A l’EPFL, Auke Ijspeert utilise des reproductions d’animaux pour comprendre le fonctionnement de la moelle épinière
Depuis toujours, les inventeurs de tout bord tentent de construire des robots en copiant des animaux à pattes, ailes, nageoires, ou dotés d’autres artifices leur permettant de se déplacer. Et si l’on renversait le problème? s’est dit Auke Ijspeert. Est-il possible d’utiliser des robots pour mieux comprendre comment fonctionne le système locomoteur des êtres vivants? La réponse fut vite fascinante. Si bien que le chercheur mène plusieurs projets dans ce sens à l’EPF de Lausanne, au sein de son laboratoire de «biorobotique». Le professeur les a présentés le 8 décembre lors de la conférence TEDGlobal>Geneva.

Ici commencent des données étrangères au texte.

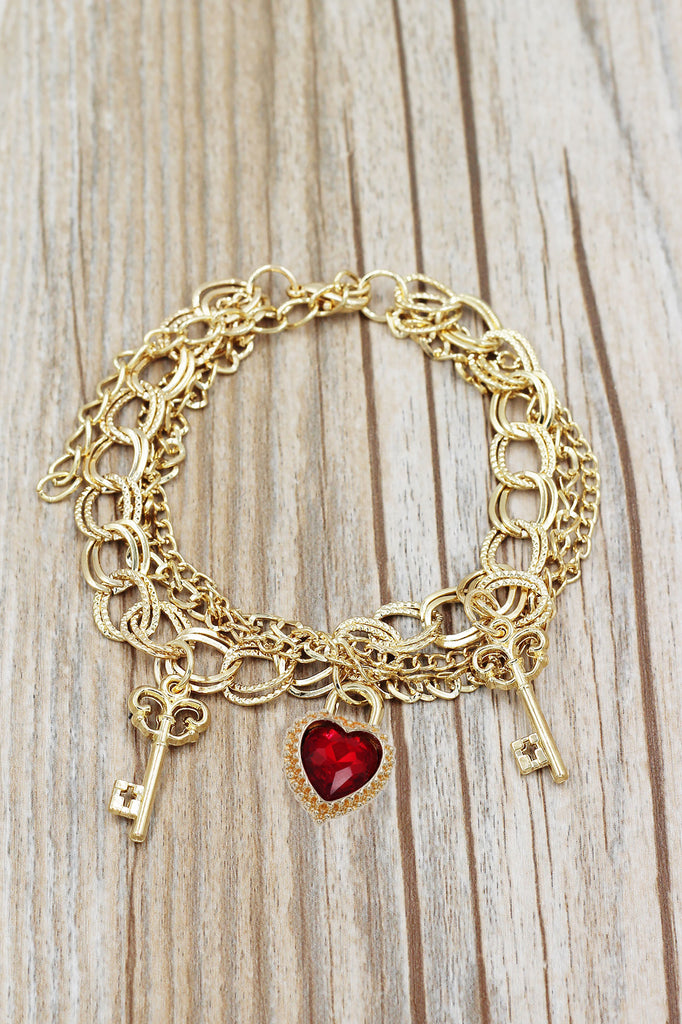 fashion love key crystal bracelet
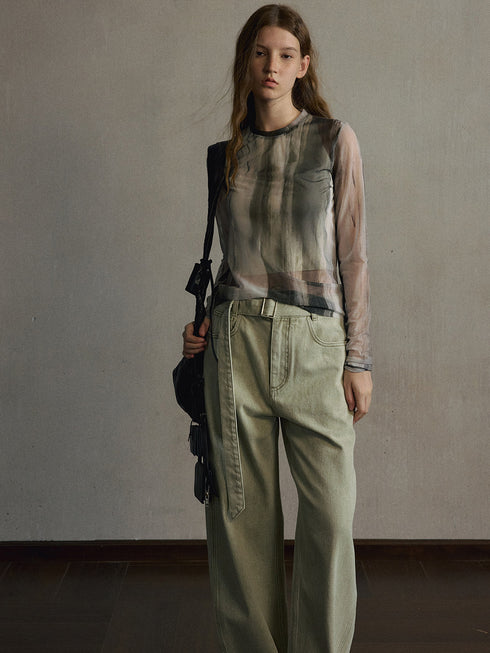 Yara Printed Mesh Top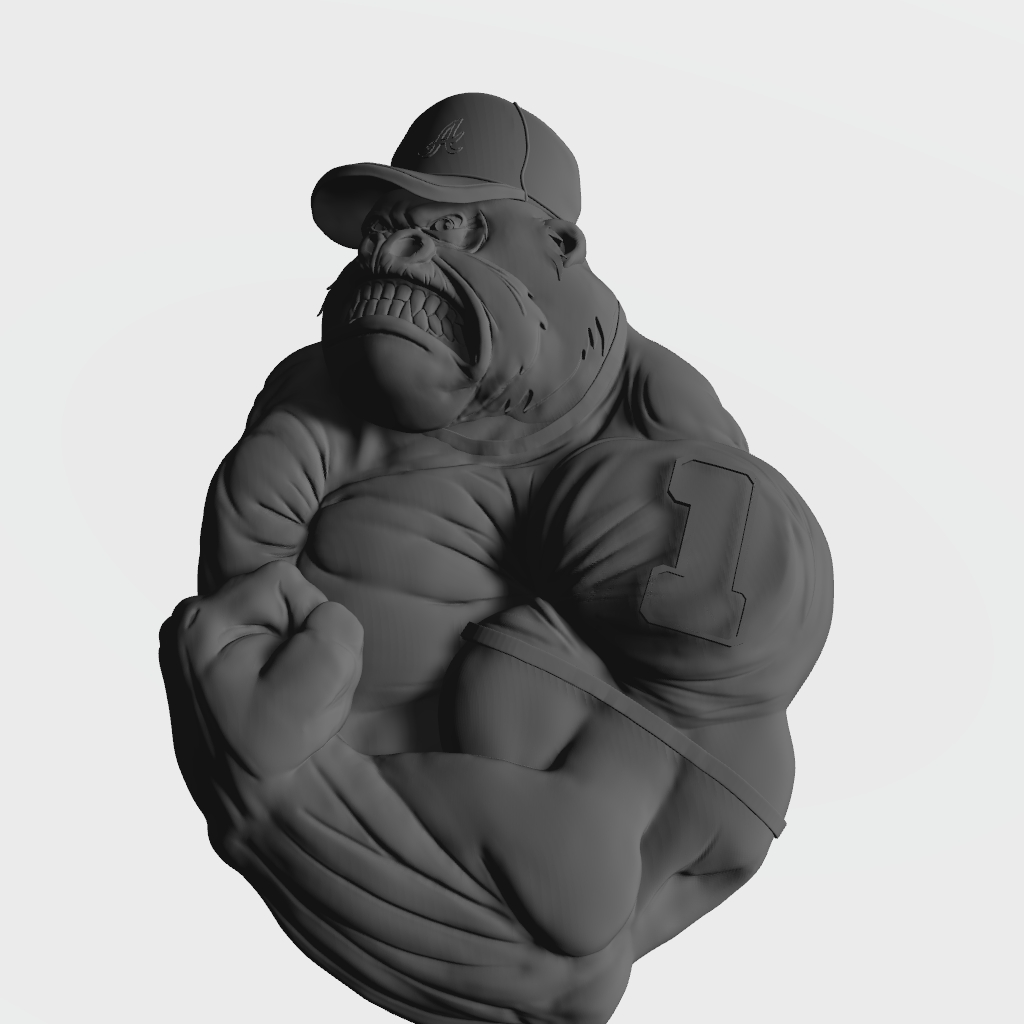 Body Builder Muscle Gorilla CNC STL file preview 2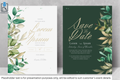 787 Foliage Frame Wedding Invitation Set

«La locomotion animale est impressionnante», s’enthousiasme-t-il. Et d’expliquer ses quatre «ingrédients» principaux: les caractéristiques biomécaniques du corps d’abord, puis les réflexes sensoriels, souvent involontaires, le cerveau ensuite, qui fait office de poste de commandes volontaires, et surtout, distribués le long de la moelle épinière, des circuits neuronaux oscillants qui commandent les muscles des membres et sont nommés en anglais central pattern generators (CPG). «Or ces CPG sont découplé du cerveau et peuvent fonctionner indépendamment de ses ordres: c’est pour cette raison qu’un poulet dont on coupe la tête continue de courir», expose le roboticien. Qui ajoute une explication: «Grâce à ce contrôle distribué, c’est la moelle épinière qui est responsable de contrôler les membres, ce qui permet au cerveau de faire autre chose, comme réagir en cas de détection d’une menace. D’ailleurs, si tous les mouvements étaient gérés depuis le cortex, et pas depuis la moelle épinière, le corps ne serait pas assez rapide. Car du cerveau aux muscles, la «bande passante» pour transmettre les influx nerveux ne serait pas assez grande… La nature est bien faite.»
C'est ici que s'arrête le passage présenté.